+++ SOURCE DATA +++

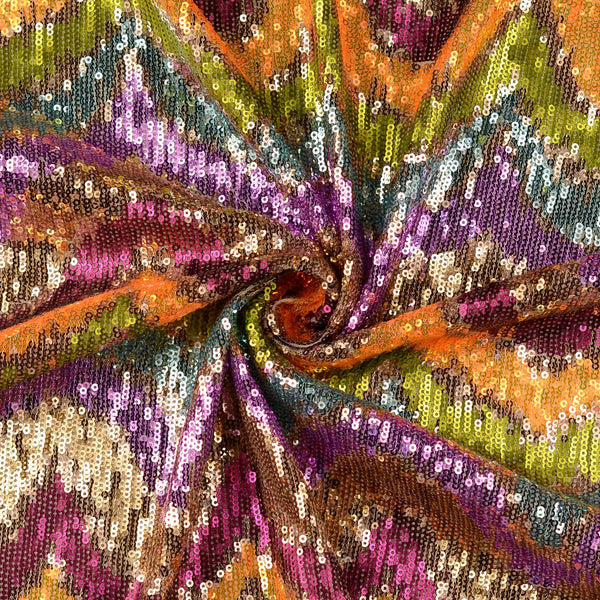 Party Zigzag Sequin Dressmaking Occasion Fabric - Multicoloured
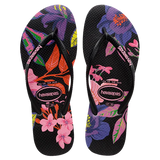 Slim Floral Neon Black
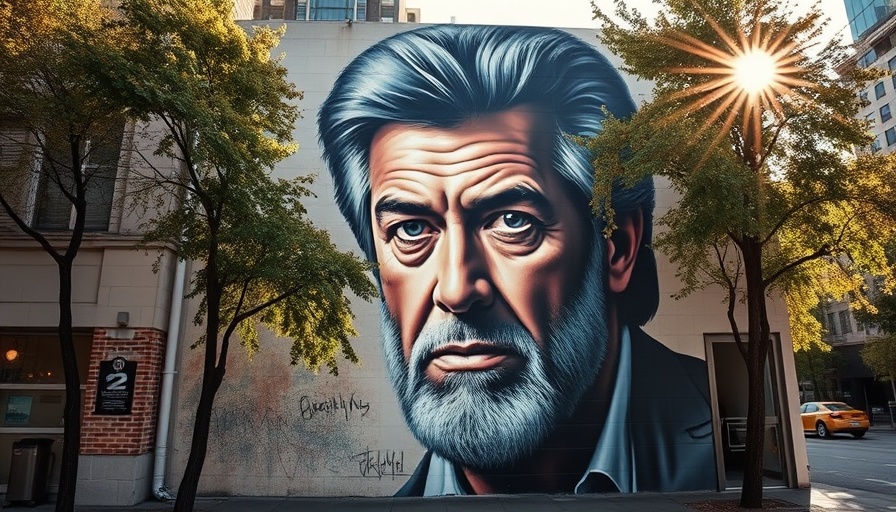Mural commemorating George Floyd's murder anniversary with his portrait.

+++

ACTION ITEM: Return the material as it stands. Leave out the pictures.

RESPONSE BELOW:
 Party Zigzag Sequin Dressmaking Occasion Fabric - Multicoloured
 Slim Floral Neon Black
Mural commemorating George Floyd's murder anniversary with his portrait.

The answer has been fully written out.